**** Given records ****

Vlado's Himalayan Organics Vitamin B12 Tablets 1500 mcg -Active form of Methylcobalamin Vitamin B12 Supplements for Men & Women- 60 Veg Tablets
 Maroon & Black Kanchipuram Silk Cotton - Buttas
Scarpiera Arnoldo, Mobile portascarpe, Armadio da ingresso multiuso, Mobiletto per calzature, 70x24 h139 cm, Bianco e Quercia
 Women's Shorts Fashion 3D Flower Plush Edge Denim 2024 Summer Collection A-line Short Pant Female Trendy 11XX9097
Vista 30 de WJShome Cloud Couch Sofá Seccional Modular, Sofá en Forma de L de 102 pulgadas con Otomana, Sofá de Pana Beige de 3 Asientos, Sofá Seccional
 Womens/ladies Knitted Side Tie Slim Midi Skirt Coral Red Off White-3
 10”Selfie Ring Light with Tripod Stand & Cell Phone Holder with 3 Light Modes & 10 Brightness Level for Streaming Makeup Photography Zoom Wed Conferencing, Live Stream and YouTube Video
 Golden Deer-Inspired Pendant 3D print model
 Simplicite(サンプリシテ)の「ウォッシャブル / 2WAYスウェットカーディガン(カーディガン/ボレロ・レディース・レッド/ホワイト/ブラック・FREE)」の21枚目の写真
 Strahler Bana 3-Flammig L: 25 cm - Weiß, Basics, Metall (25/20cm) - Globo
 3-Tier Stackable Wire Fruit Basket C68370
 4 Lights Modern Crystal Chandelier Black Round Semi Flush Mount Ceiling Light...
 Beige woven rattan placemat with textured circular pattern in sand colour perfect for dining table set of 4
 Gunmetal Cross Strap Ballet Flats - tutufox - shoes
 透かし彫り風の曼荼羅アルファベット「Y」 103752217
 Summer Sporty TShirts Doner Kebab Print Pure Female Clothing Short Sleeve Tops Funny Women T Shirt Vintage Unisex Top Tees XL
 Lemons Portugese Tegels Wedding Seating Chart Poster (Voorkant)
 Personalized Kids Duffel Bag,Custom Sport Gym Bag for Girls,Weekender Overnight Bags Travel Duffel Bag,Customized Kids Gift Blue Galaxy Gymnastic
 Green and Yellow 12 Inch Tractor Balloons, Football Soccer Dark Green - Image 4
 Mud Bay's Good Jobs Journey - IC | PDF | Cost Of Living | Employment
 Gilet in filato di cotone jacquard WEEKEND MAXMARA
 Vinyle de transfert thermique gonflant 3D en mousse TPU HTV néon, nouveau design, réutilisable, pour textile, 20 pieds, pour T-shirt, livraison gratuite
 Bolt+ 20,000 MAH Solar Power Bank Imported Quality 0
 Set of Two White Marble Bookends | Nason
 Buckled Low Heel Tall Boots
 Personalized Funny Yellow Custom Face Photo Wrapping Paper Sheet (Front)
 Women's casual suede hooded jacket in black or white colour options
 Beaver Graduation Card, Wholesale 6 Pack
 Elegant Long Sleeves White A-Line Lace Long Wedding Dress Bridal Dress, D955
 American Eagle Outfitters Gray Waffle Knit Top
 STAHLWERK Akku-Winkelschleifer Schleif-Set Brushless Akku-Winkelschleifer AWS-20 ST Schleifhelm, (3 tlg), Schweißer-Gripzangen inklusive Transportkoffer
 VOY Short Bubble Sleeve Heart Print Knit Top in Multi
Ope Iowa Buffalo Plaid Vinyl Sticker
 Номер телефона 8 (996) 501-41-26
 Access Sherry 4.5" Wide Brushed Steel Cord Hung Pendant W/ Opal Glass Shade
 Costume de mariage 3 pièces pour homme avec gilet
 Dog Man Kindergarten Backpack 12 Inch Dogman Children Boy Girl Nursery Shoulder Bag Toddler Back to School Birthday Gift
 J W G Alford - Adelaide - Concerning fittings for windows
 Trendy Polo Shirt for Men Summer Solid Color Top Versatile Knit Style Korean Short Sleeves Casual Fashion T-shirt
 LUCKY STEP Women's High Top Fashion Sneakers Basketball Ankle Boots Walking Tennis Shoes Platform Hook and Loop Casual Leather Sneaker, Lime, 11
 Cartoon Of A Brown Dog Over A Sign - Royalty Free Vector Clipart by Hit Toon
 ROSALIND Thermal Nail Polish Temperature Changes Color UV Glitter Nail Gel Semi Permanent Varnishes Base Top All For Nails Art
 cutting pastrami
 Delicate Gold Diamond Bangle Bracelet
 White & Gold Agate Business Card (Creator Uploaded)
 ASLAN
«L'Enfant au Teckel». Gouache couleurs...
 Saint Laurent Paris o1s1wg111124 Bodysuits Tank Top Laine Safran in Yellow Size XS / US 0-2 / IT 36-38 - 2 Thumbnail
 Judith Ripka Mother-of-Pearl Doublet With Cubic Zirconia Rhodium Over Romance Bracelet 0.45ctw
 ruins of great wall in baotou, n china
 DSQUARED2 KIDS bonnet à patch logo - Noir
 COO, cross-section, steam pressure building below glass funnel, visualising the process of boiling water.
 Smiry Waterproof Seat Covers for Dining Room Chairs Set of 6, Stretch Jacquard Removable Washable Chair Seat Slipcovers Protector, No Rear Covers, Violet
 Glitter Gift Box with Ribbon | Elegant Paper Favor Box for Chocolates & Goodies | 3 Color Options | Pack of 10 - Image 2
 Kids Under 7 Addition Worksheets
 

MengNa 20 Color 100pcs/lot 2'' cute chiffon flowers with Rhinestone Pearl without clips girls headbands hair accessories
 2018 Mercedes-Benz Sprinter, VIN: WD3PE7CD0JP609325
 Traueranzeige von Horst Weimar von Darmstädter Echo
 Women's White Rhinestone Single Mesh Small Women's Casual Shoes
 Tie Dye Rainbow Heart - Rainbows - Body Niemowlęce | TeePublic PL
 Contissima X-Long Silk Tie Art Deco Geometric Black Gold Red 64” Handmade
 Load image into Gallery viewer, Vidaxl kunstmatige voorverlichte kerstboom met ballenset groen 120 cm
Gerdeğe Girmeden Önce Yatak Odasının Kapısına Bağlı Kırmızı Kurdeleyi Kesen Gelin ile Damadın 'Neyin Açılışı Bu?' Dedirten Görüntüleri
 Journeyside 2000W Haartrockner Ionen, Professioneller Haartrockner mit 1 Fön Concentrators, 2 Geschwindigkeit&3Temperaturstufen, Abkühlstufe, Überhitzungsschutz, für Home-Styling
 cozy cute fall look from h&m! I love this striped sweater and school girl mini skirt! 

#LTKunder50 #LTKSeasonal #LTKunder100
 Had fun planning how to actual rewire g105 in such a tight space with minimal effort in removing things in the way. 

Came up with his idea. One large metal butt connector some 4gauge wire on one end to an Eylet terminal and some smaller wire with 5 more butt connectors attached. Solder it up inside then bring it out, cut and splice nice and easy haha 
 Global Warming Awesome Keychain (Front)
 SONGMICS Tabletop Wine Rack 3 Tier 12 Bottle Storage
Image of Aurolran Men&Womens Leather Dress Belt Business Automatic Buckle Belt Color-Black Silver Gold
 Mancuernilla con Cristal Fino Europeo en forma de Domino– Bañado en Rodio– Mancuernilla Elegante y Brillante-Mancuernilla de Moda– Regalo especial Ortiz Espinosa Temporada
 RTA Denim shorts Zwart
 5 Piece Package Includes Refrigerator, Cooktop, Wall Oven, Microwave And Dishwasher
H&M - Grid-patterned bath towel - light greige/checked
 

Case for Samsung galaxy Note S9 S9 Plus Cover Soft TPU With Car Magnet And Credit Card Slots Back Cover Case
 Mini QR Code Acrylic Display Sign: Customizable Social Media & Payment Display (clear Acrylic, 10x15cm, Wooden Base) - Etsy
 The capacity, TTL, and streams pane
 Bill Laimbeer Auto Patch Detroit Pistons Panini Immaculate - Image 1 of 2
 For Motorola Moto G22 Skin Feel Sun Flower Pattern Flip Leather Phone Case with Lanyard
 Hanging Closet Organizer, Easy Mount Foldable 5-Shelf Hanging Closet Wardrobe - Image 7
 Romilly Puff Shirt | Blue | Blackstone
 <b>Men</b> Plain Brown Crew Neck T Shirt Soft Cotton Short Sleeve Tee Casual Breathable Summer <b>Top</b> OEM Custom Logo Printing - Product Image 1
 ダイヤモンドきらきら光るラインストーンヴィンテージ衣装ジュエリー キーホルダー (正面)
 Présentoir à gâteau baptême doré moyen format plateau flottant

****

• Exercise goal:
Check each line of the listing for "Bracelet", and copy the ones that hold it.

• Problem solution:
 Delicate Gold Diamond Bangle Bracelet
 Judith Ripka Mother-of-Pearl Doublet With Cubic Zirconia Rhodium Over Romance Bracelet 0.45ctw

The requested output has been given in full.